Work instructions:
Transcribe the data exactly. Pictures stay out.

Recorded data:
====
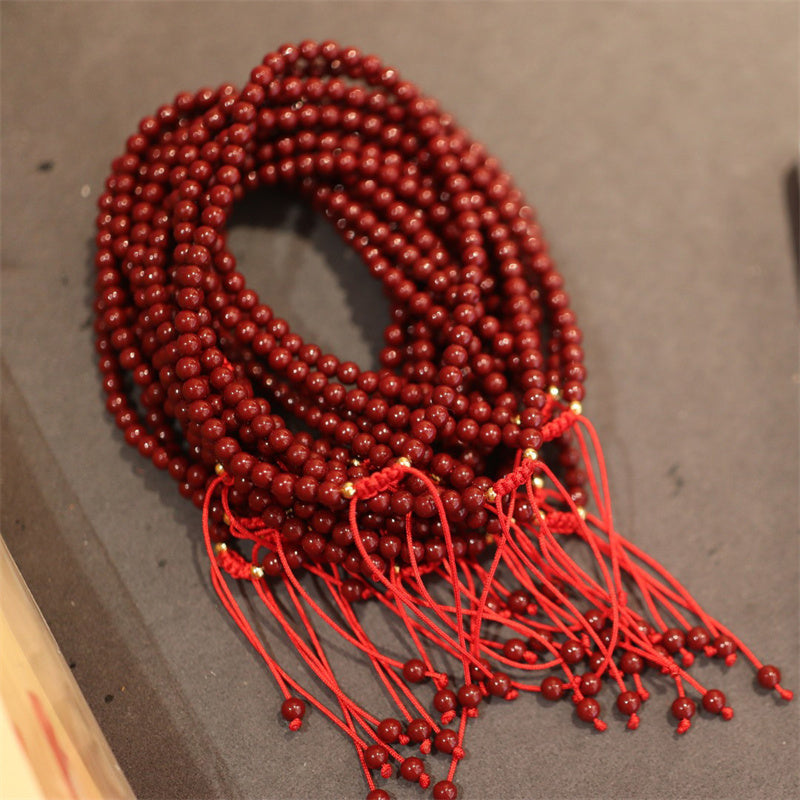 Pulsera trenzada con hilo rojo y bendición de cinabrio natural Mythstone 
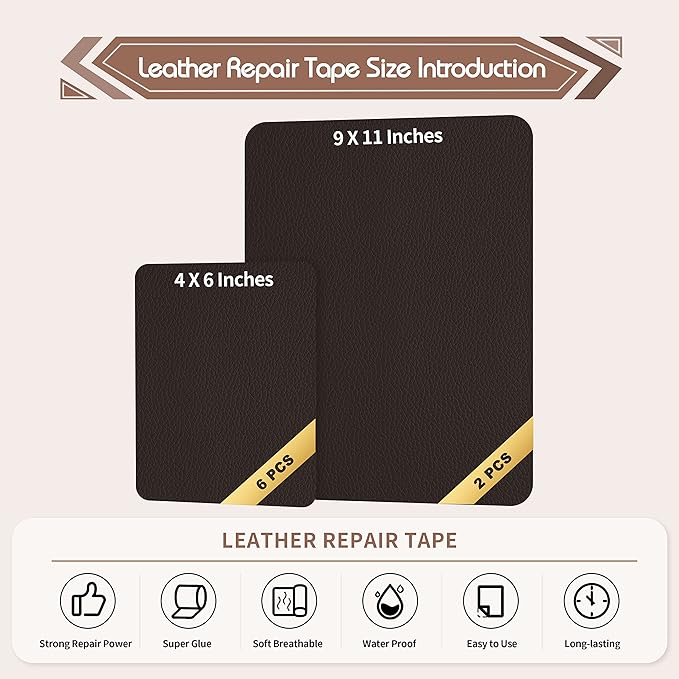 KING MOUNTAIN Leather Repair Patch, 2 Packs 9 x 11 Inches self Adhesive Leather - Image 4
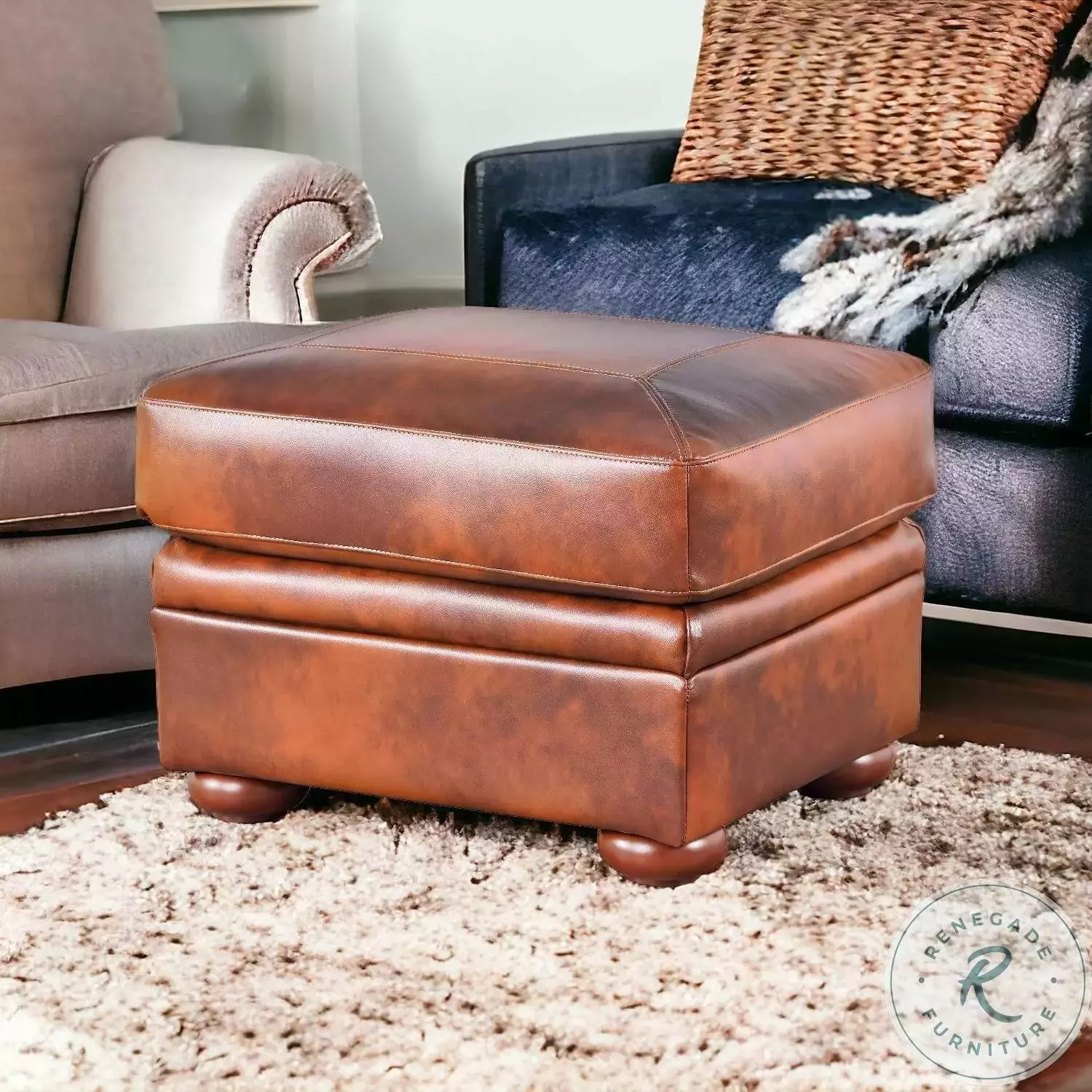 Arizona Marco Leather Ottoman From Home Gallery Stores | Home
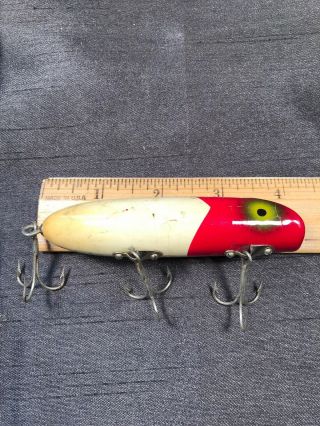 Vintage South Bend Bass Oreno Wood Lure Red White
====
Result for this task:
 Pulsera trenzada con hilo rojo y bendición de cinabrio natural Mythstone 
 KING MOUNTAIN Leather Repair Patch, 2 Packs 9 x 11 Inches self Adhesive Leather - Image 4
 Arizona Marco Leather Ottoman From Home Gallery Stores | Home
 Vintage South Bend Bass Oreno Wood Lure Red White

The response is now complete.